## What you have to do
After finding "Verordnungsblatt für die" in a line below, print that line and the rest of the lines exactly, leaving out all pictures.

═══ Supplied data

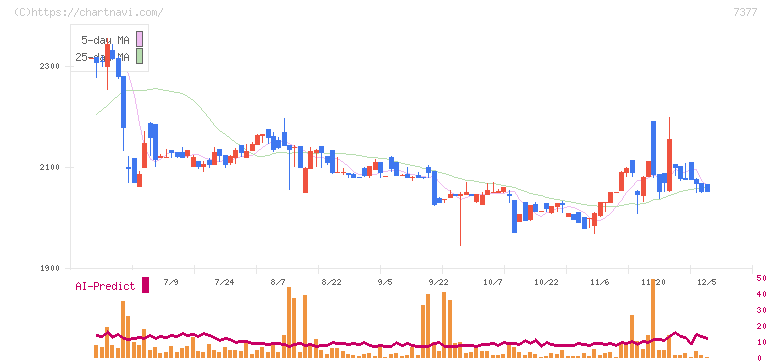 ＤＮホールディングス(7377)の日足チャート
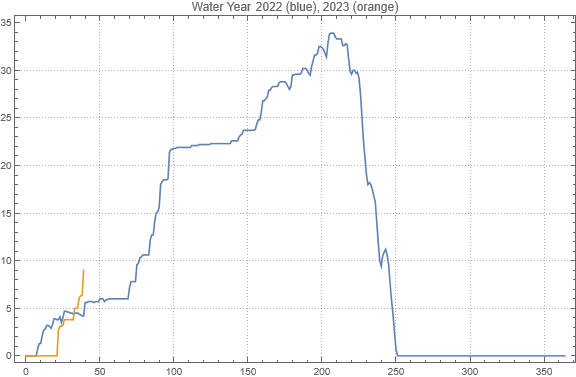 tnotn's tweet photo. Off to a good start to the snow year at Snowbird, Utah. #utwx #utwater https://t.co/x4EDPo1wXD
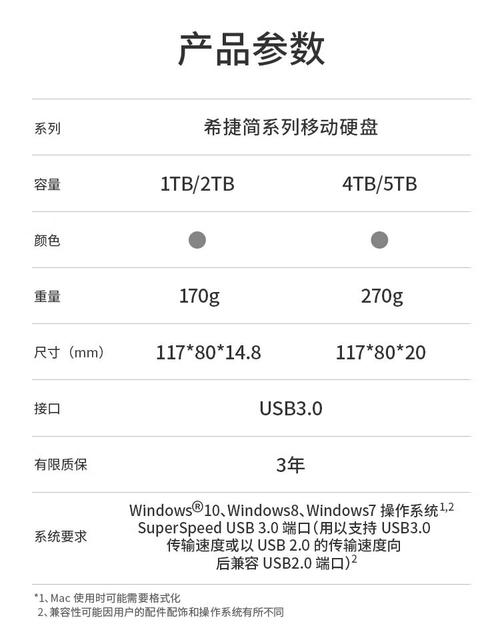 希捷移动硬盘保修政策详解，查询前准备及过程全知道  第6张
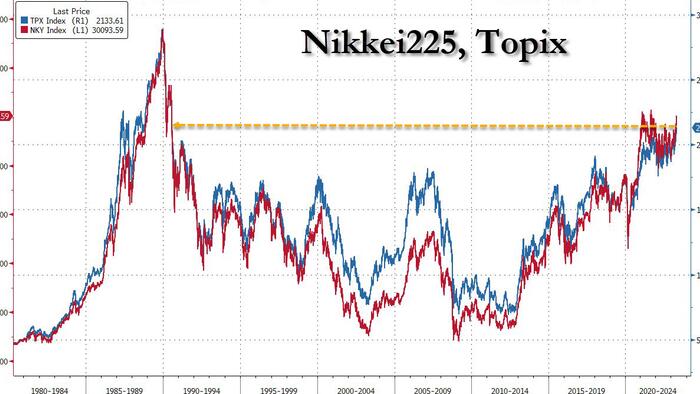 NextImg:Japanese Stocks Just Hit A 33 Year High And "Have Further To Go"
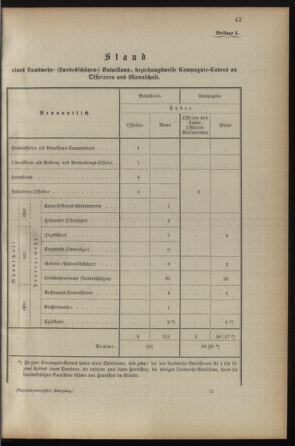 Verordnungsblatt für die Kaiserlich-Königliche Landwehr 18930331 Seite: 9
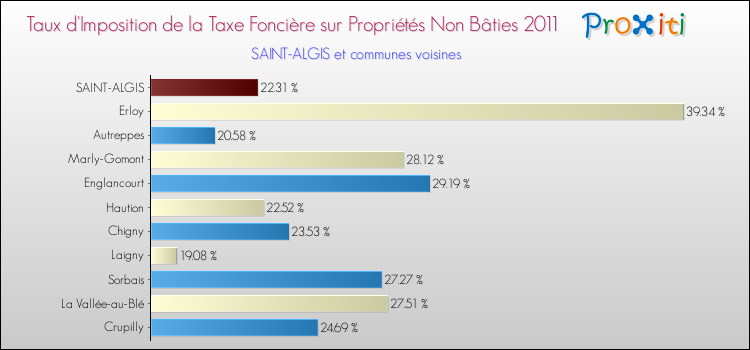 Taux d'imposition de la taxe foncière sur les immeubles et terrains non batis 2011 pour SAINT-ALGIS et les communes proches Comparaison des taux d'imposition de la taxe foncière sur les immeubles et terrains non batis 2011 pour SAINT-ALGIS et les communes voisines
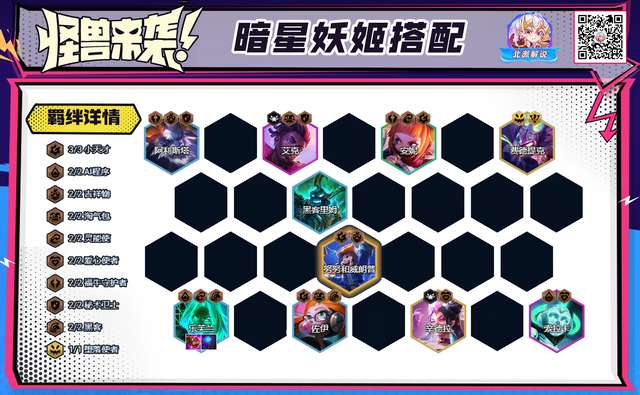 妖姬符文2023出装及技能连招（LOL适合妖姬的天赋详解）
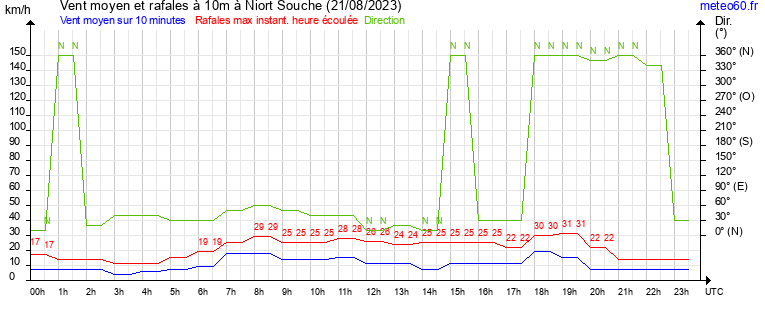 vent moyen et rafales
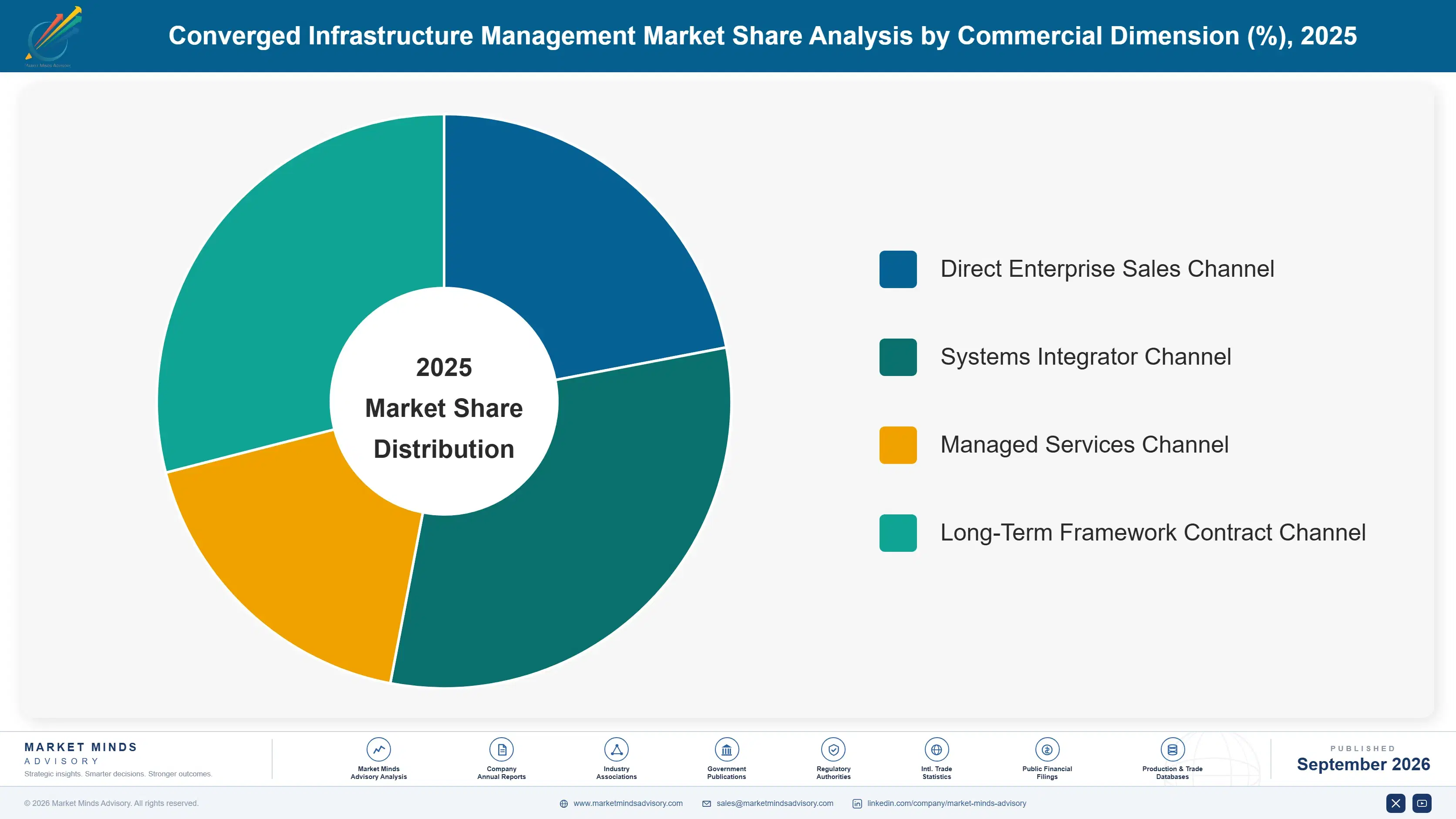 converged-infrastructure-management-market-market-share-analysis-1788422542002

══════

## Answer area
 Verordnungsblatt für die Kaiserlich-Königliche Landwehr 18930331 Seite: 9
 Taux d'imposition de la taxe foncière sur les immeubles et terrains non batis 2011 pour SAINT-ALGIS et les communes proches Comparaison des taux d'imposition de la taxe foncière sur les immeubles et terrains non batis 2011 pour SAINT-ALGIS et les communes voisines
 妖姬符文2023出装及技能连招（LOL适合妖姬的天赋详解）
 vent moyen et rafales
 converged-infrastructure-management-market-market-share-analysis-1788422542002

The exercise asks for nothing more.